Read:OutLoud is a text-to-speech program that provides access to essential curriculum at a relatively low cost to schools. Read:OutLoud is beneficial to students with dyslexia, print disabilities, and to students who are below basic reading level fluency or who have difficulty with reading comprehension. For more information on text-to-speech programs, visit the Don Johnston website.

Digital Recorders

Digital Recorders are an ideal device for students who have difficutly taking notes at a pace consistent with the lecture. Digital recorders are also useful for students who have visual disabilities. Check out the Don Johnston website for more information on digital recorders and how they benefit students.

Slant Boards

Slant Boards: Very useful low-tech device that assists students in improving handwriting skills. The slant board sits like a table easel that is inclined at a level that makes writing comfortable.

Dry Erase Boards

Individual dry erase boards are a common tool used in my classroom. Some of my students are reluctant to use paper and pencil either becuase of tactile issues (sensory issue with pencil to paper) or perhaps because OCD---Students may feel overwhelmed when work is too permanent. An additonal benefit with the whiteboards is that students can use a writing surface parallel to that of the teacher's making it fun to follow along during a class lesson.

Color Filters

Much like highlighter tape, color filters have proven to be a useful tool in helping many students with reading disabilities. Helen Irlen of the Irlen Institute has nine different shades of color filters which can be matched to the student to best accommodate their needs. For more information on color filters check out the link for this post.

Highlighter Tape

For students who have perceptual based reading disabilities, highlighter tape can be an extremely useful tool for helping students access important information. Highlighter tape is a good way to separate/organize information. For more info on available assistive technology, follow the link for this post.

Thursday, May 6, 2010


Pencil Grips are a type of low-tech assistive device that provide students with an opportunity to use writing implements that are ergonomically sensitive. This type of assistive technology could be useful in my junior high resource setting. A few my students currently have trouble with tasks that rely heavily on fine motor skills. In addition to pencil grips being ergonomically correct, they are also economically correct and a good addition to any classroom.

Sunday, May 2, 2010


Talking powerpoints are an effective tool that can greatly enhance classroom instruction. When selecting images to add to the powerpoint, you can use either scan a book, locate images from various sites, or add your own images. Note: Always be mindful of copywrighted laws and be sure to properly cite your sources. The following is a set of directions on how to create a talking powerpoint. I created and used a talking powerpoint for my junior high students as a precursor to a lesson on poems for two voices. It turned out to be quite a success and the students can't wait to make thier own. Under CONTENTS on my blog homepage, you will see another link for "Talking Powerpoint". Click on this link to watch my powerpoint. Thanks! INSTRUCTIONS FOR CREATING A TALKING POWERPOINT

FIRST: Select topic and purpose.

On the first slide: Name of book, Author and then write "adapted by (your name)"

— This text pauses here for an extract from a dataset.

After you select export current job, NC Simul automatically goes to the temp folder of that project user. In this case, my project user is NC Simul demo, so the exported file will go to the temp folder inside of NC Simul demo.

Next, -Click on the "INSERT" tab -Select "PICTURE" icon -Upload picture from file (If scanning pictures from a book, scan each page and save them to “My Pictures”, then upload each page for each slide) -Once all pictures/pages are uploaded: -Go back to first slide and click on the INSERT tab -Find the SOUND icon, and select the down arrow -Select Record Sound -When ready to record, click the Red record button -When done recording for that slide, select the Blue stop button, and then press OK to save the recording -Follow this recording procedure for EACH slide. After recording each slide, go back to the first slide again: -Select Animations, and then look for the Advance Slide Option -Unclick “On Mouse Click” -CLICK “Automatically After” -Select how many seconds you want the slide to last for (based on length of recording for that particular slide) -Do this for Each slide Save your powerpoint and ENJOY!!!